WHAT THE TASK ASKS = Please repeat, precisely as written, only the lines from the one containing "1045 Cooke St, Waterbury, CT" through the last line of the records below, pictures omitted.

Brief descriptive captions =

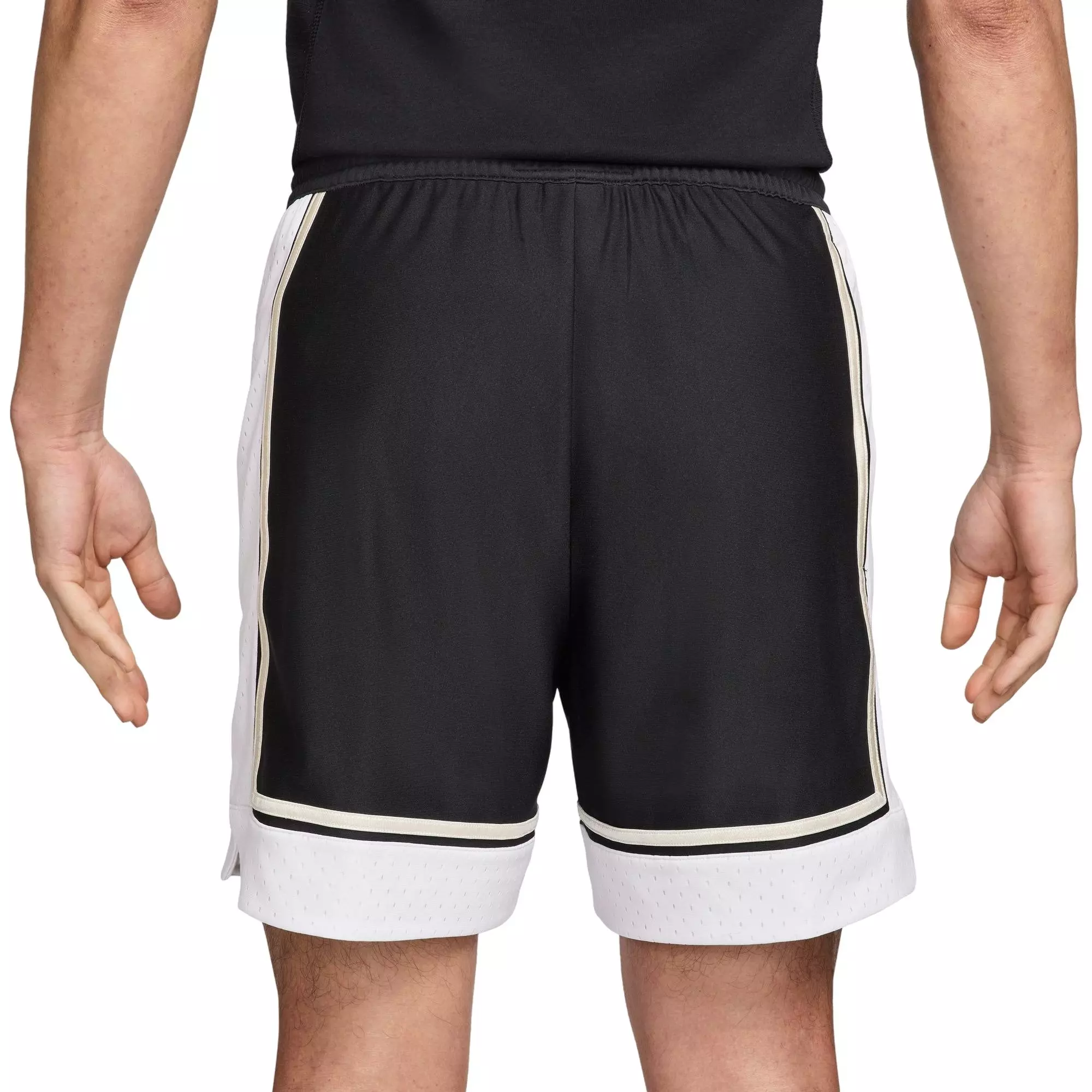 Nike Men's Standard Issue Dri-FIT 6" Basketball Shorts - BLACK/WHITE
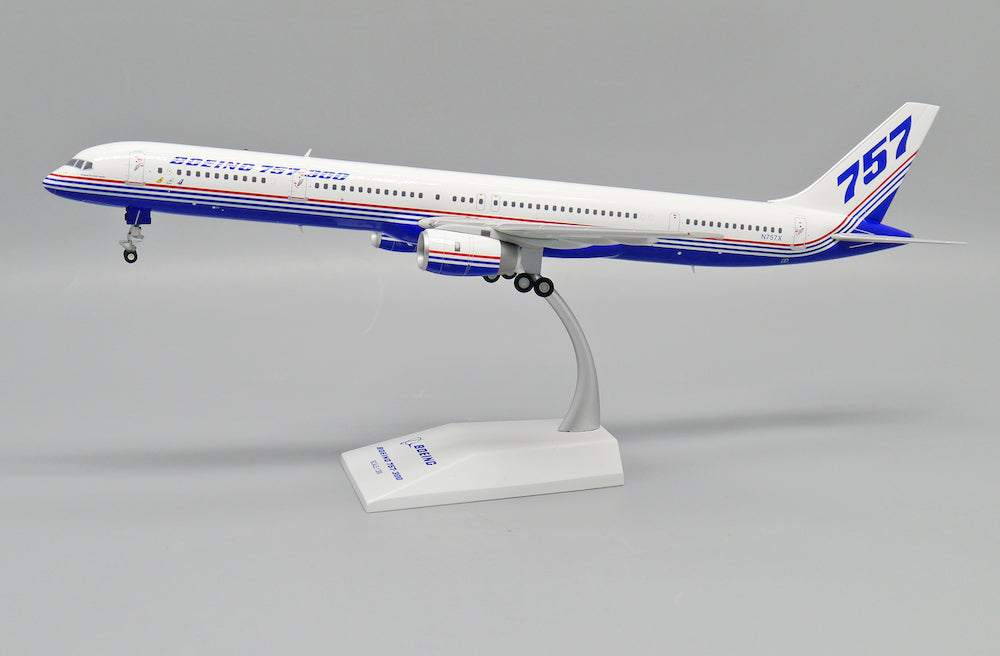 JC WINGS B757-300 HOUSE COLOURS REG: N757X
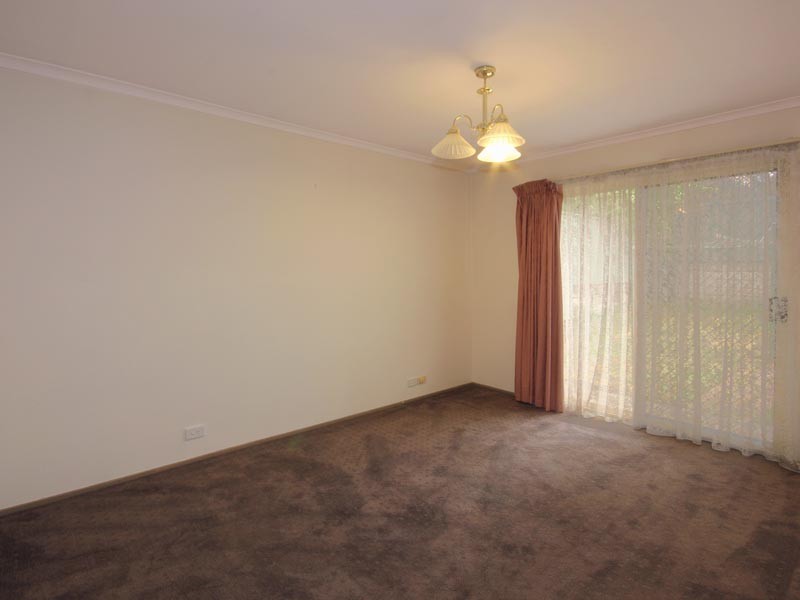 6 Bennett Close, Aberfoyle Park SA 5159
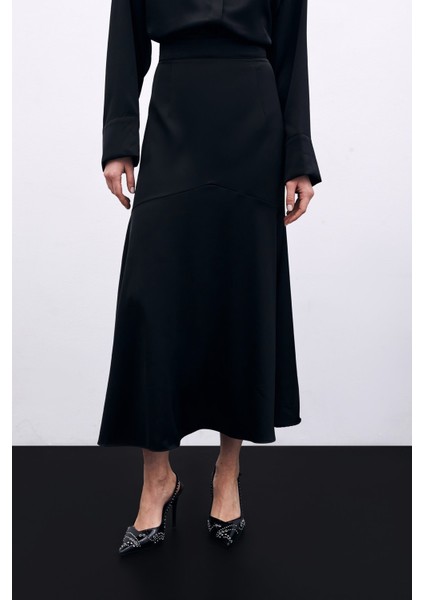 Kesik Detaylı Saten Etek - Siyah modelleri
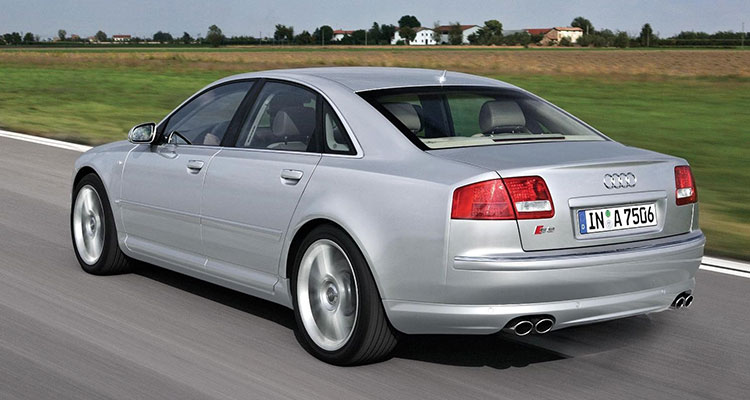 This 2006 Audi S8 Has A V10 Lambo Engine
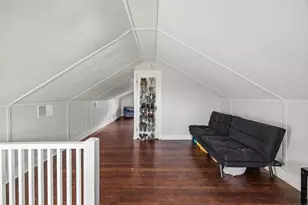 1045 Cooke St, Waterbury, CT 06704 - Photo 18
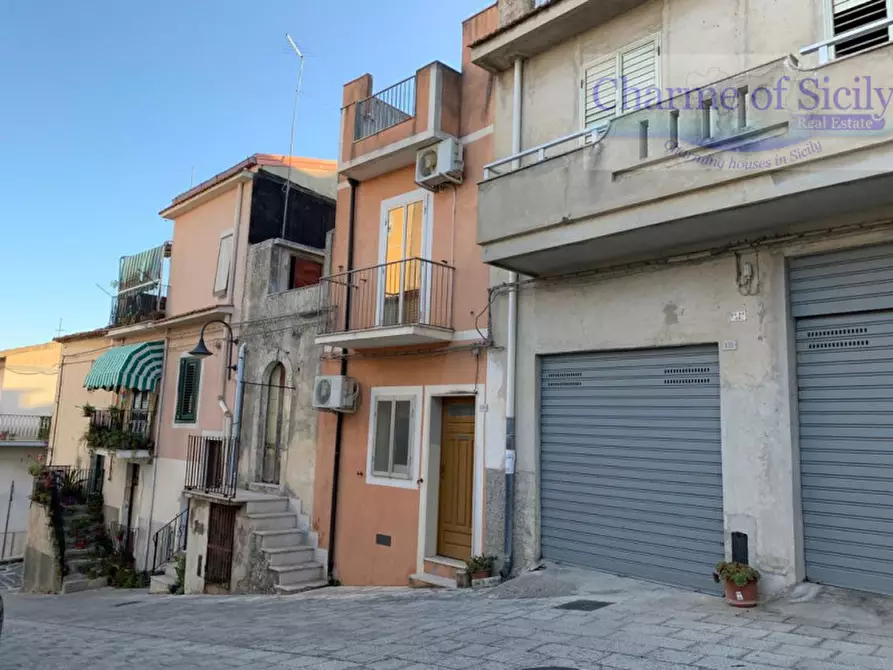 Immagine 3 di Casa indipendente in vendita  in Via Roma a Giarratana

SOLUTION TO THE EXERCISE =
 1045 Cooke St, Waterbury, CT 06704 - Photo 18
 Immagine 3 di Casa indipendente in vendita  in Via Roma a Giarratana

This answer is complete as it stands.